_Exercise material_
....

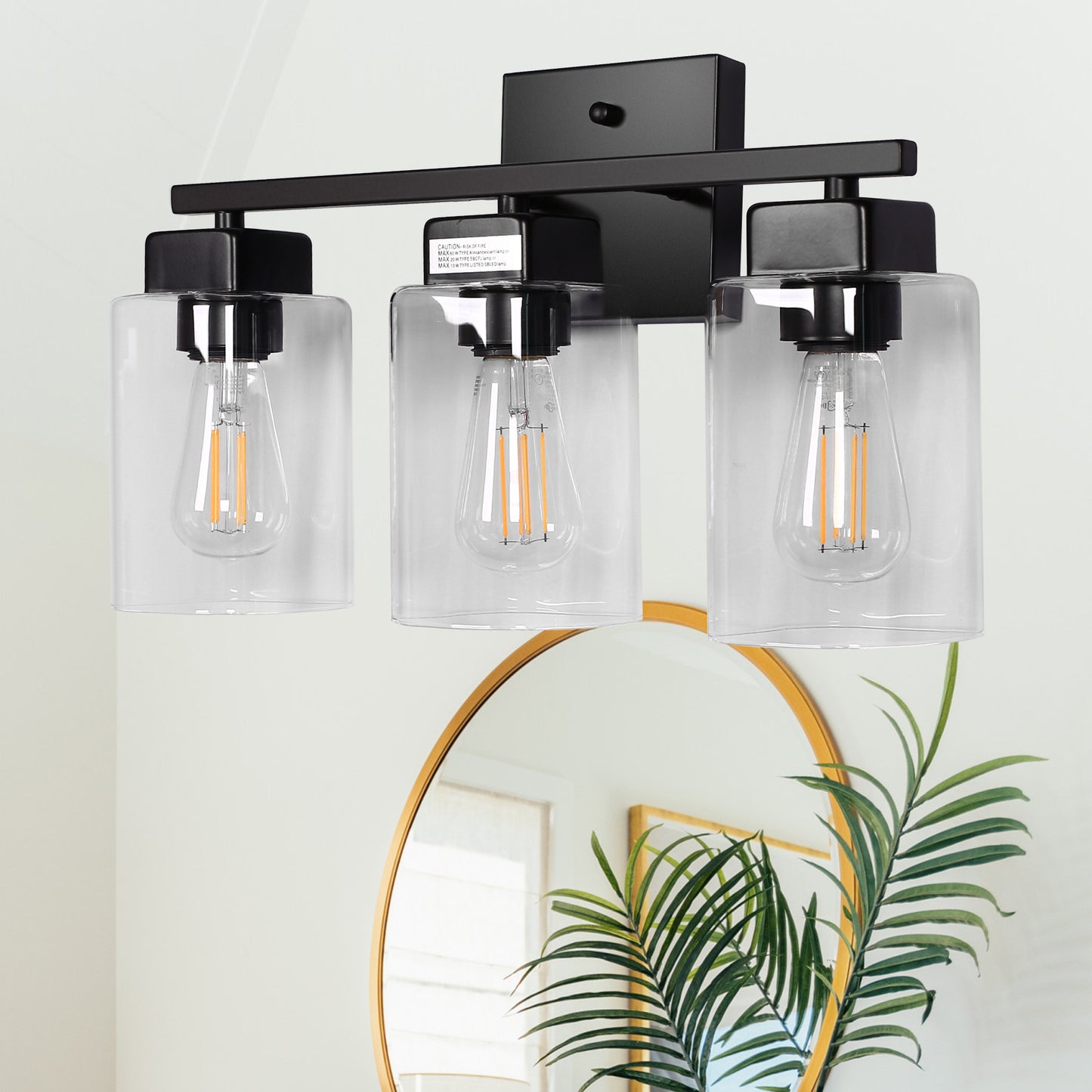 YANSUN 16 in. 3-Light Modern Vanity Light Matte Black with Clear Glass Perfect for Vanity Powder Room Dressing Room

....

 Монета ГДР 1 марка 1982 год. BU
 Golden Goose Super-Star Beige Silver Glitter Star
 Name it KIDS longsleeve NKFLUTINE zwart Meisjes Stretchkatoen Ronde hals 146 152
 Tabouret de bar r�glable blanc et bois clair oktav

....

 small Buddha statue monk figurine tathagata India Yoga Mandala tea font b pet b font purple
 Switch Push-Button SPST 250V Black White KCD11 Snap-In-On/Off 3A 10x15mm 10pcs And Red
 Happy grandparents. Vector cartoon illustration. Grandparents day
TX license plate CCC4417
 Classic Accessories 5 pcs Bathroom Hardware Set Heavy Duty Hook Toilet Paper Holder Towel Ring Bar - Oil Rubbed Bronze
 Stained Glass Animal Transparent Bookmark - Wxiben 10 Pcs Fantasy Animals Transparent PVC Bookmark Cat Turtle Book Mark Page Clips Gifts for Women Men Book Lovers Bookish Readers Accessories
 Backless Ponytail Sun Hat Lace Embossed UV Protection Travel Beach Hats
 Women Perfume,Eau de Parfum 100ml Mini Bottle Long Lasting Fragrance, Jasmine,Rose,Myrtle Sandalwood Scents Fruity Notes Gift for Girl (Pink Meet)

....

The line above containing "Happy grandparents. Vector", the line containing "Stained Glass Animal", and every line between them are to be transcribed exactly; no other line is wanted.

 Happy grandparents. Vector cartoon illustration. Grandparents day
TX license plate CCC4417
 Classic Accessories 5 pcs Bathroom Hardware Set Heavy Duty Hook Toilet Paper Holder Towel Ring Bar - Oil Rubbed Bronze
 Stained Glass Animal Transparent Bookmark - Wxiben 10 Pcs Fantasy Animals Transparent PVC Bookmark Cat Turtle Book Mark Page Clips Gifts for Women Men Book Lovers Bookish Readers Accessories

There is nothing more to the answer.